Wednesday, March 23, 2011

#518 Mike Cuellar

We came to Houston in the late '60s because my father was transferred here by Shell Oil. One of the perks was scoring company seats at the Astrodome from time to time. And I'm here to tell you that Shell had goooood seats. Second row behind home plate. So nice in fact that they shared that row with the Astro management and sometimes we were sitting next to team executives and other front office types.

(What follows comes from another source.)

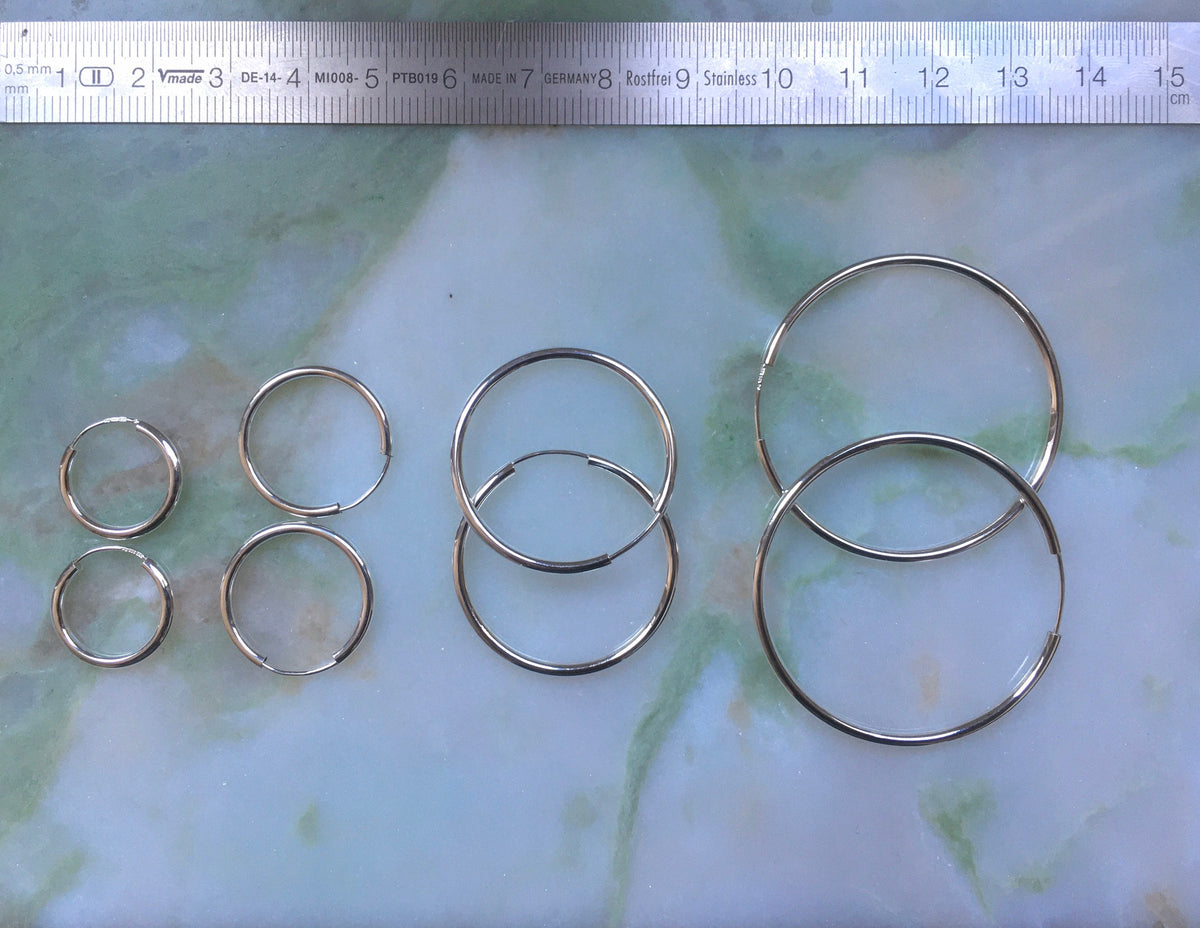 Eco sterling silver hoop earrings flexible minimalist, gilded silver hoops | Christmas gift for her | Cold weather accessories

But we attended one game in 1968 that had us seated next to then-Astro Mike Cuellar and  reliever Fred Gladding. Fred Flintstone was on the DL so I understood his being in street clothes in the stands but why was Mike Cuellar sitting next to me with some sort of binder charting pitches? Didn't guys do that from the dugout? But there he sat, wearing expensive-looking shoes, shiny silver/gray pants and a mock turtleneck. That 'look' was pretty much the off-the-field 'uniform' of major leaguers back then. I got my program signed by both players and I remember having a few brief exchanges with Cuellar.

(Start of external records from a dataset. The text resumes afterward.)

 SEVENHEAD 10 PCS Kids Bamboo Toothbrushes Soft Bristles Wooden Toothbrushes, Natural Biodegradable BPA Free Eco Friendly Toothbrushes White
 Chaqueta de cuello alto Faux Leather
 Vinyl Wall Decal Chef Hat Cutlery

Cuellar became a favorite of mine and I was thrilled when he was dealt to my Orioles that winter even though the thought then was that the O's got snookered, picking up a washed up junkballer. But tossing that remarkable screwball he went on to become one of the best pitchers in O's history, winning the Cy Young in 1969. I skipped school to stay home and watch him beat the Mets in Game 1 of the 1969 World Series and he cemented his place in my heart with his great win over the Reds in Game 5 of the 1970 Series which wrapped up the championship for the O's. That was the same year he hit a grand slam in Game 1 of the ALCS against the Twins. Didn't pitch well that day but his slam was a huge kick for me.

While Cuellar is best remembered for his Orioles' career he began as a Reds prospect in 1959. He never made a splash with Cincy and soon was banging around in the minors with several organizations before returning to the bigs with the 1964 Cardinals.This card is his rookie card. It's a high number and a classic in my book. Love the orange frame and the pinstripe sleeveless Reds uni. 

Mike Cuellar remained a member of the Orioles 'family' right up to his death a year ago next month. Rest in Peace, Crazy Horse.

1 comment:

  1. It's a shame that Topps misspelled his name on each side of this card.